Parhugin is a Python package for parallelizing computations across multiple CPU cores. The method uses Parhugin to parallelize the computation of saving parent patches to disk. When Parhugin is installed and use_parhugin is set to True, the method parallelizes the calling of the get_context_id method and its corresponding arguments. If Parhugin is not installed or use_parhugin is set to False, the method executes the loop over patch indices sequentially instead.

get_context_id(id, overwrite=False, save_context=False, return_image=True)

Save the parents of a specific patch to the specified location.

Parameters:
  • id – Index of the patch in the dataset.

  • overwrite (bool, optional) – Whether to overwrite the existing parent files. Default is False.

  • save_context (bool, optional) – Whether to save the context image. Default is False.
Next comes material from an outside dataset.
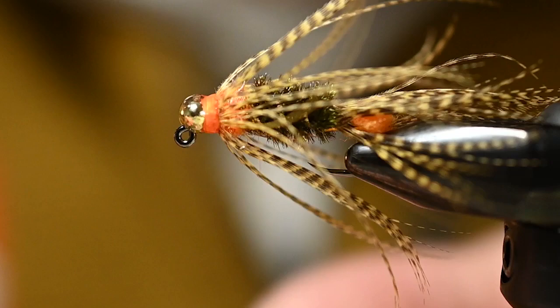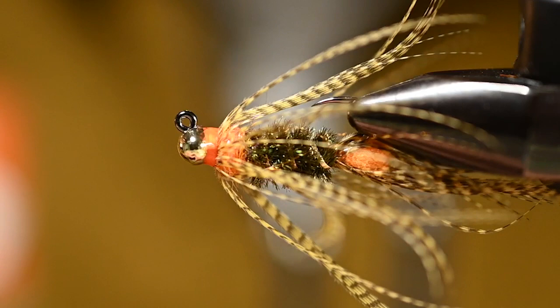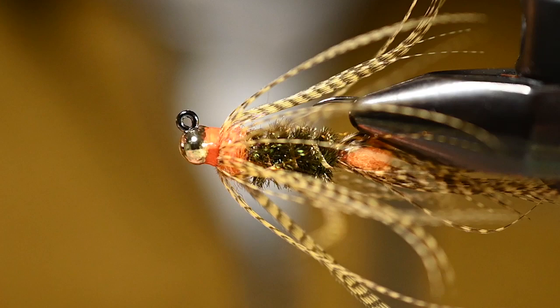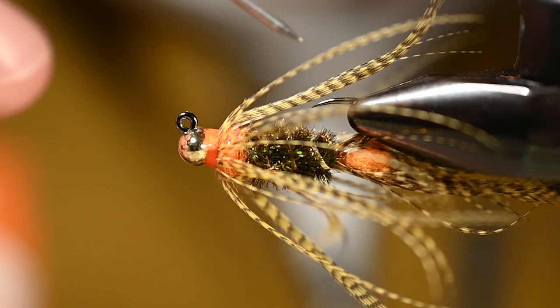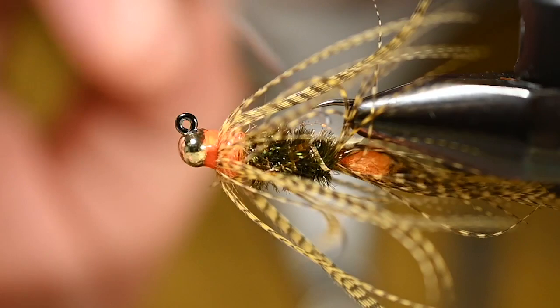There we go — if anything, it's a practice in patience. It's a great way to utilize smaller feathers that tend to come in packs, whether teal or mallard. Don't get discouraged if you didn't get big feathers — there are things you can do with smaller feathers and this is one of them. There we have it: the double hotspot teal and peacock tied jig-style, so you can bounce it on the bottom, get into those nooks and crannies, and find where the fish are. Tie a bunch of them, hit like and subscribe, and we'll see you on the water.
  • return_image (bool, optional) – Whether to return the context image. Default is True.

Raises:

ValueError – If the patch is not found in the dataset.

Return type:

None

plot_sample(idx)

Plot a sample patch and its corresponding context from the dataset.

Parameters:

idx (int) – The index of the sample to plot.

Returns:

Displays the plot of the sample patch and its corresponding context.

Return type:

None

Notes

This method plots a sample patch and its corresponding context side-by- side in a single figure with two subplots. The figure size is set to 10in x 5in, and the titles of the subplots are set to “Patch” and “Context”, respectively. The resulting figure is displayed using the matplotlib library (required).
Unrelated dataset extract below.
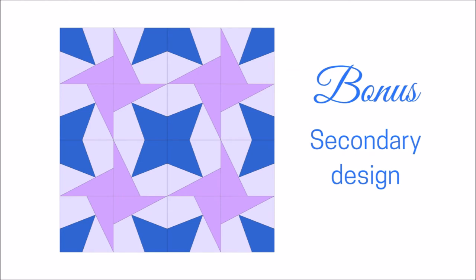With our four quadrants in place, we can start to turn our design into a star by rotating three of the sections in a pinwheel formation. When I put four stars together, you can see the secondary design start to emerge where the blocks come together at the corners.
class mapreader.ClassifierContainer(model, labels_map, dataloaders=None, device='default', input_size=(224, 224), is_inception=False, load_path=None, force_device=False, **kwargs)
Parameters:
  • model (str | torch.nn.Module | None)

  • labels_map (dict[int, str] | None)

  • dataloaders (dict[str, torch.utils.data.DataLoader] | None)

  • device (str | None)

  • input_size (int | None)

  • is_inception (bool)

  • load_path (str | None)

  • force_device (bool | None)

generate_layerwise_lrs(min_lr, max_lr, spacing='linspace')

Calculates layer-wise learning rates for a given set of model parameters.

Parameters:
  • min_lr (float) – The minimum learning rate to be used.

  • max_lr (float) – The maximum learning rate to be used.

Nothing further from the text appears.